Photos of a sign put up on Monday pointing to the new U.S. embassy in Yerushalayim that were widely carried in the media were in a sense, misleading.
The sign points to the temporary embassy. The real thing, the permanent housing for the American mission that has caused so much consternation, is still years away.
Six years to be exact, at least by official reckoning. The grounds of the embassy complex-to-be will extend over 75,000 square feet. Plans call for a 9-foot-high wall to keep out journalists and other unwanted visitors, an escape route, an access road, an opulent, high-end chamber and office for the ambassador, as well as living quarters.
The new embassy will be built on the current site of the Diplomat Hotel, which is about to be demolished to make way for embassy structures.
In a departure from projects of this sort, an Israeli architectural firm — Amir Mann / Ami Shinar Architects & Planners — was hired for the job of building the consulate, rather than the usual American consortium. The embassy, however, will probably be built by American firms.

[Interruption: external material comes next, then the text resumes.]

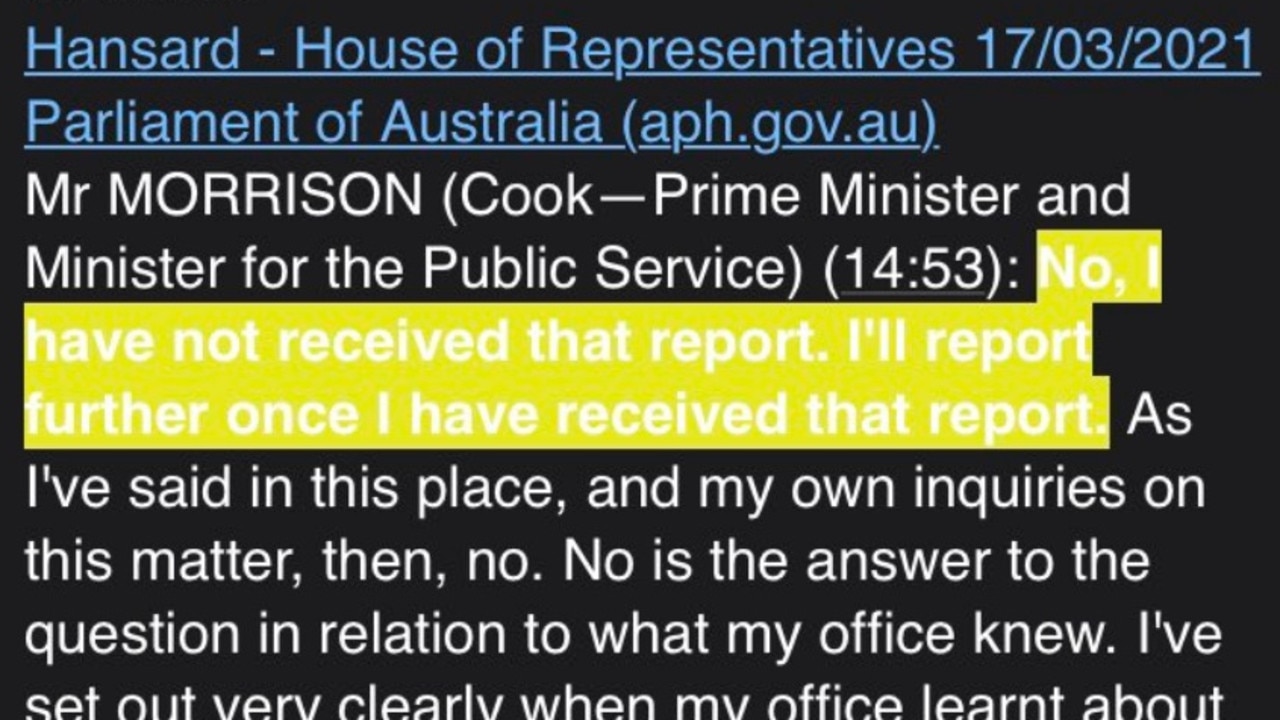 What Scott Morrison said in parliament on March 17 about the investigation.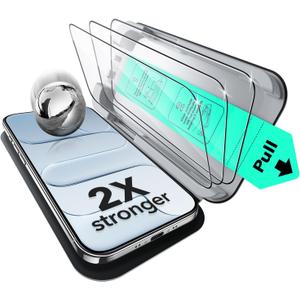 ESR 3 Pack for iPhone Air Screen Protector, Military-Grade Shatterproof, 9H Hardness, Full Coverage Tempered Glass for iPhone 17 Air with Ultra Fit Tray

The new consulate will not replace the existing one in Tel Aviv, which will continue to provide passport issues and renewals and visa services, along with other consular services. Consular services will also continue to be offered at the existing site in the capital.
The cost of all this magnificence was estimated in an internal document at 1 billion dollars. But President Trump, who complained about what he considered to be the excessive cost of the new American embassy in London, said the Yerushalayim complex will be kept down to half a million, according to Ynet.